#### WHAT THE TASK REQUIRES
Find the line with "STRIPED FUZZY COAT" in the data below. Repeat it and every line after it exactly, but not the pictures.

########################################

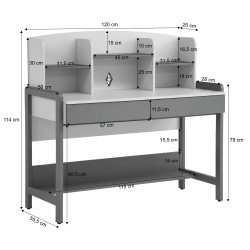 Biurko BOREO 120 cm – 2 szuflady, nadstawka, metalowy stelaż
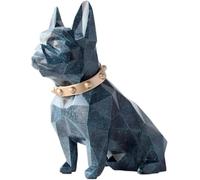 Bouledogue Français Statue Sculpture en Résine Décor pour étagères Statue De Chien Boîte De Rangement pour Pièces De Monnaie Rangement De Bureau Et Décoration De L’Espace, Dark Blue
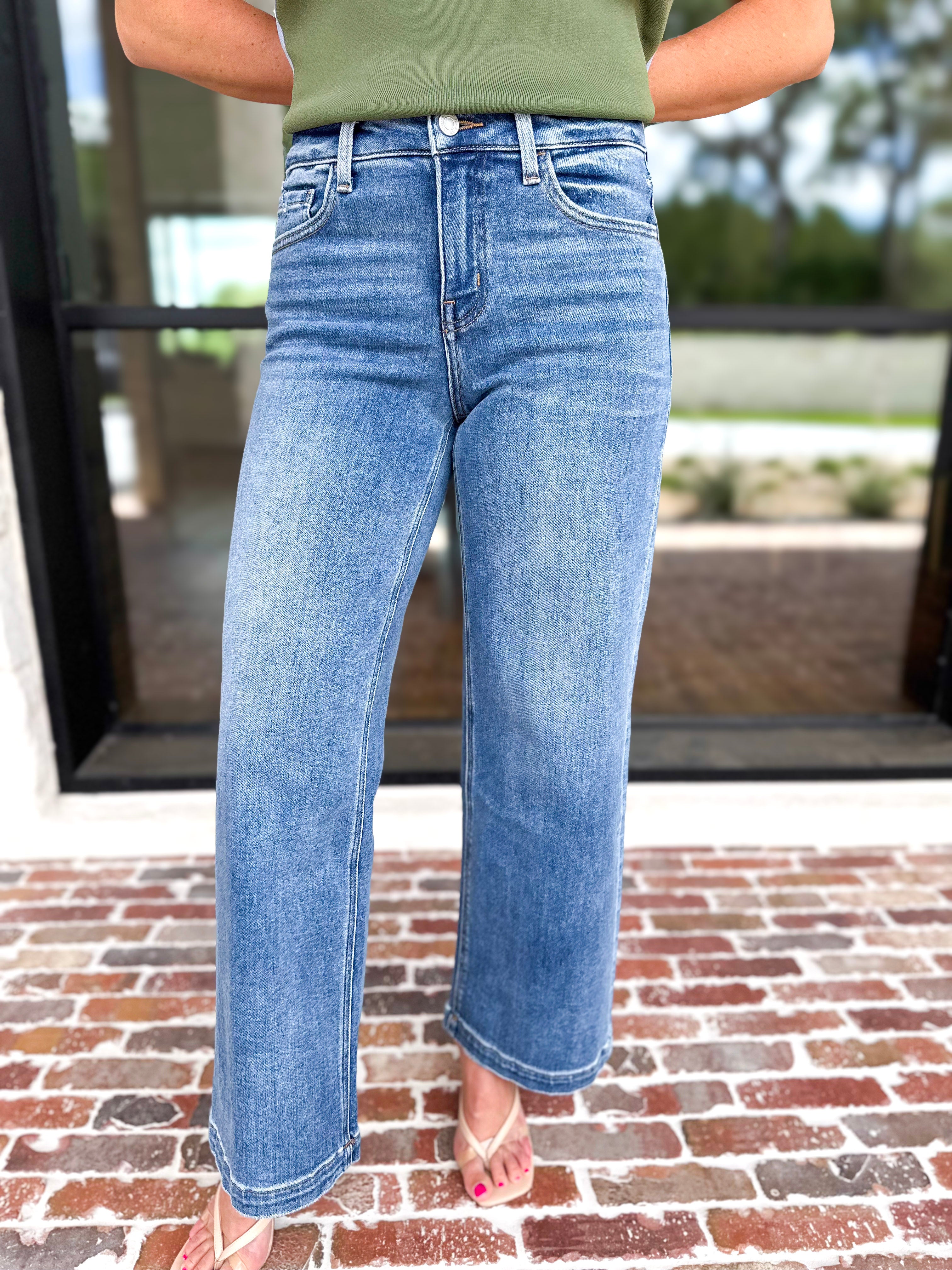 Vervet - High Rise Wide Trouser Style Jeans-400 Pants-VEVERT BY FLYING MONKEY-July & June Women's Fashion Boutique Located in San Antonio, Texas
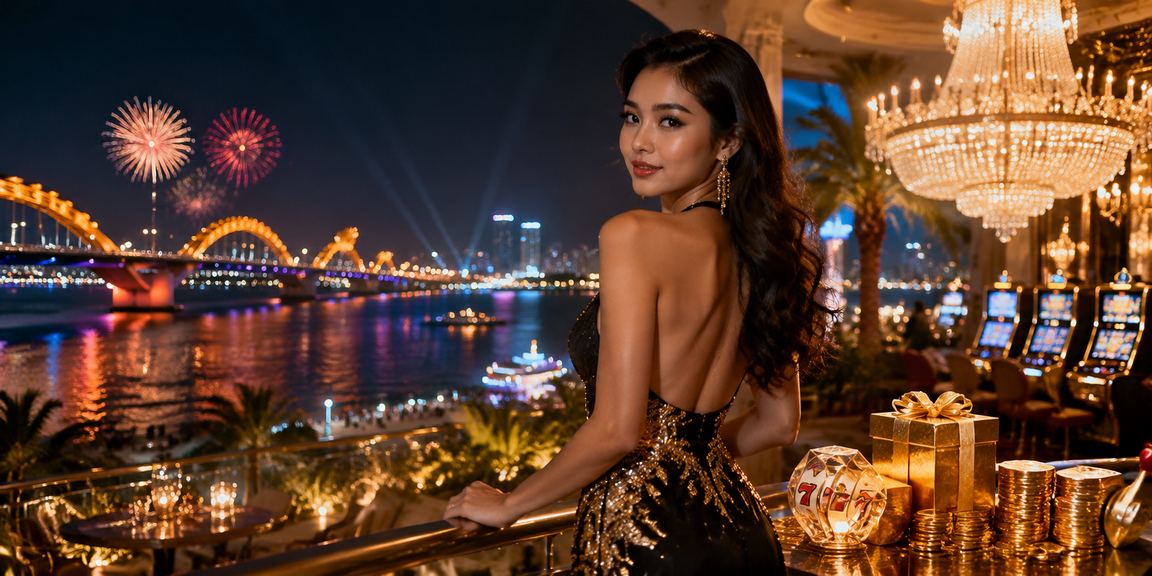 Người chơi slot game trên điện thoại tại bãi biển Đà Nẵng buổi chiều tối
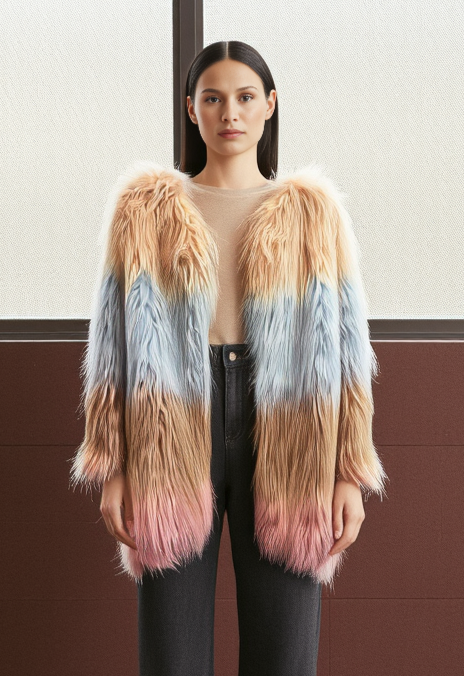 STRIPED FUZZY COAT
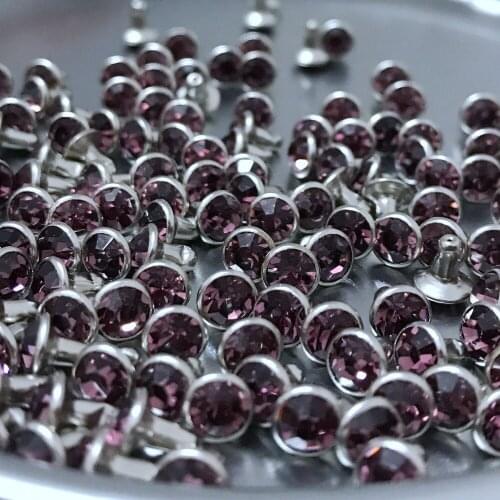 New Coming 100Sets 6mm Light Purple CZ+++ Crystals Rhinestone Rivets Silver Nailhead Citrine Spots Studs DIY Shipping Free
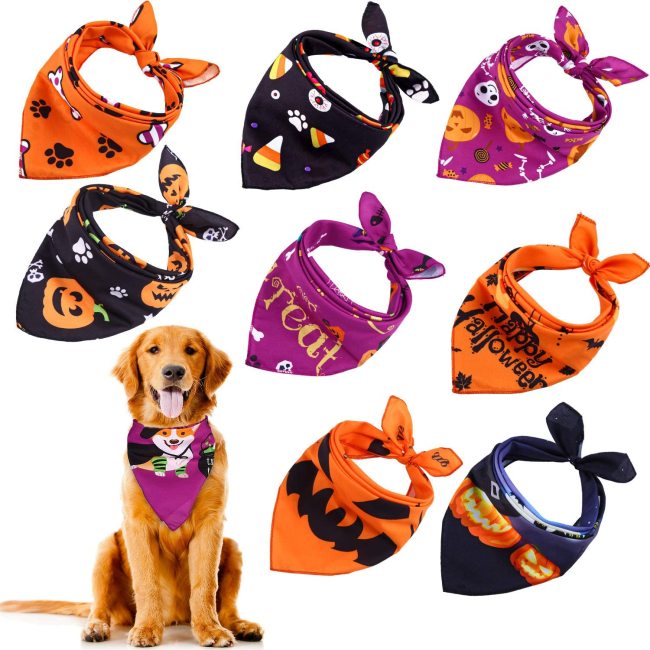 Assorted Halloween Dog Bandanas Pet Costumes Scarf Neckerchief Accessories for Holiday Festivals Party
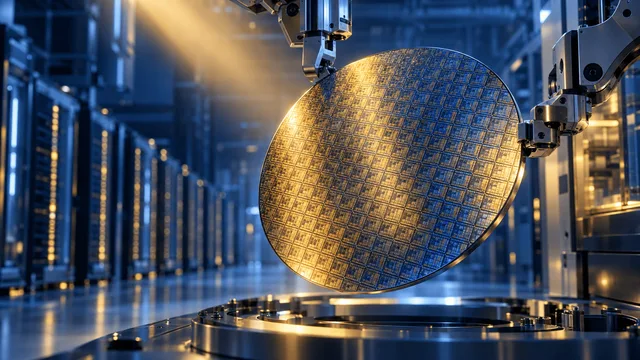A robotically suspended silicon wafer with intricate circuitry glows under dramatic light inside a clean semiconductor fabrication chamber, with server racks fading into the background.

########################################

#### ANSWER SECTION
 STRIPED FUZZY COAT
 New Coming 100Sets 6mm Light Purple CZ+++ Crystals Rhinestone Rivets Silver Nailhead Citrine Spots Studs DIY Shipping Free
 Assorted Halloween Dog Bandanas Pet Costumes Scarf Neckerchief Accessories for Holiday Festivals Party
A robotically suspended silicon wafer with intricate circuitry glows under dramatic light inside a clean semiconductor fabrication chamber, with server racks fading into the background.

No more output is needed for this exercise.